In fact, as a toddler, I went so far as to punish myself for no reason. I don’t remember exactly what I’d done—probably told a little white lie or something equally child-like, but my parents like to retell the story of how when I was two, I was plagued by guilt about something I’d done that I knew was wrong, and sent myself to my room. I stayed there til dinner-time, despite their many pleas to come back out.
It was amusing for a minute when I was still in diapers (my parents know I can’t lie to save my life to this day, I have such a guilty conscience), but I “punished” myself often throughout my childhood, and even into early adulthood, even when it certainly wasn’t warranted.
Later it turned into a vicious cycle of self-flagellation with food and exercise. If I overate, I’d work out twice to punish myself.

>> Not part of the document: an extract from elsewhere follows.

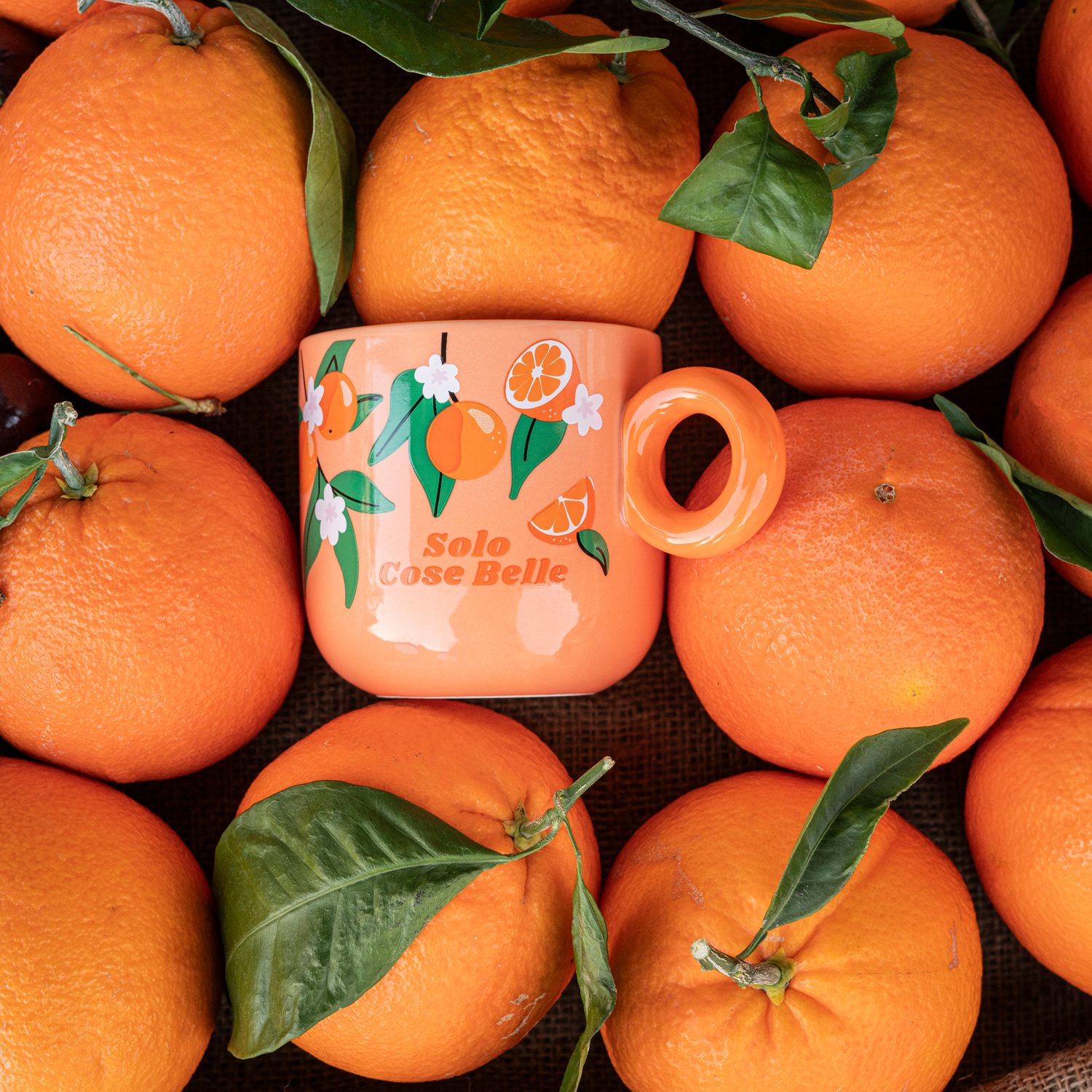 Bialetti - Fruit Vibes zestaw 2 kubków 350ml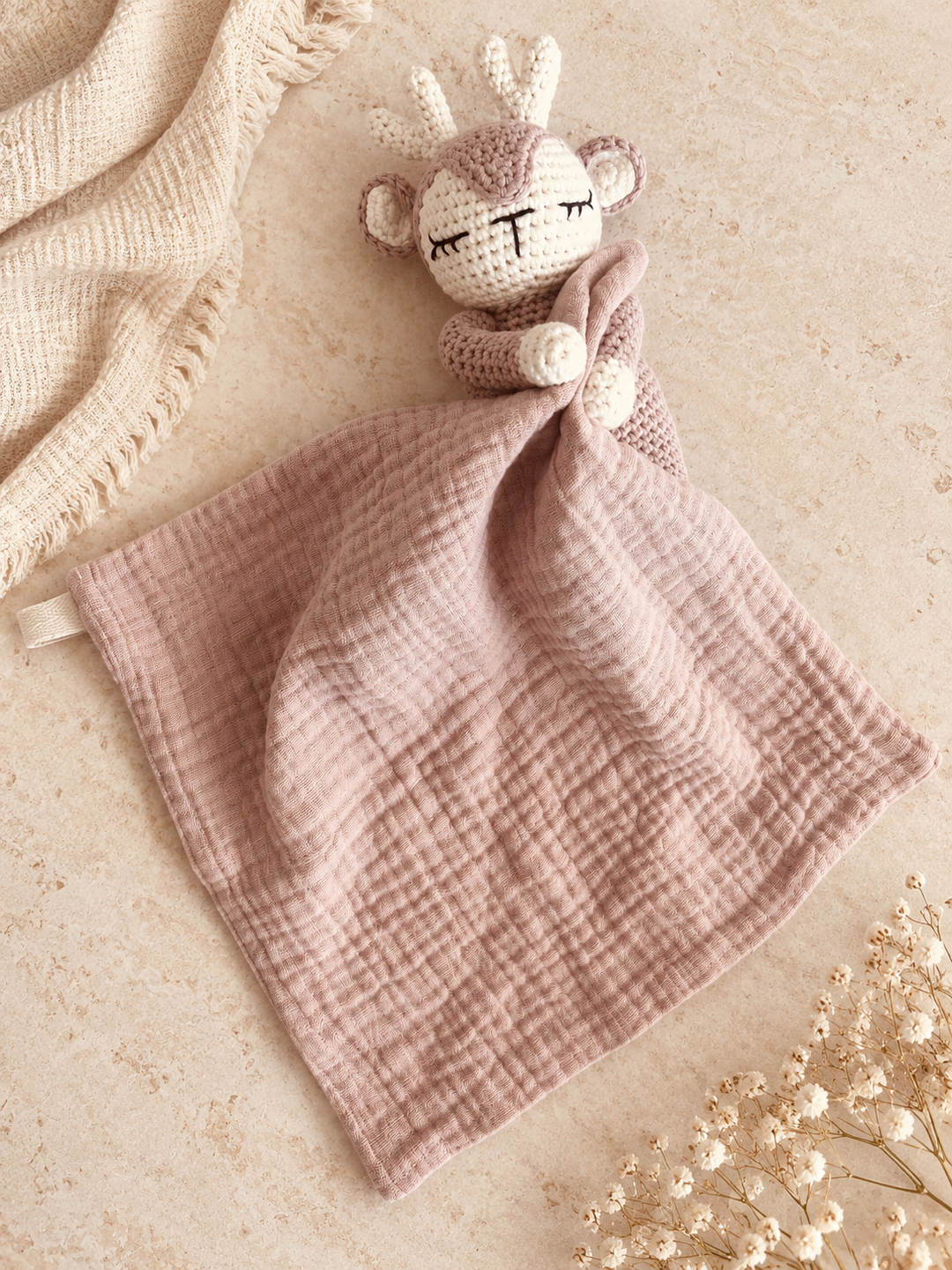 Deer Comforter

I’d deny myself the shared dessert with friends because the day before I’d been “bad.”
While I don’t beat myself up anymore with double workouts or blatant refusals of food, I do often still have those demonic thoughts.
Hopefully, between physically writing down a positive change or decision I made each day and keeping Beck’s “Give Credit” philosophy in mind, I will take one step closer to “normalcy,” a place where I can just “be,” and truly love myself, fabulousness, flaws and all.
How about you? How will you give yourself credit today?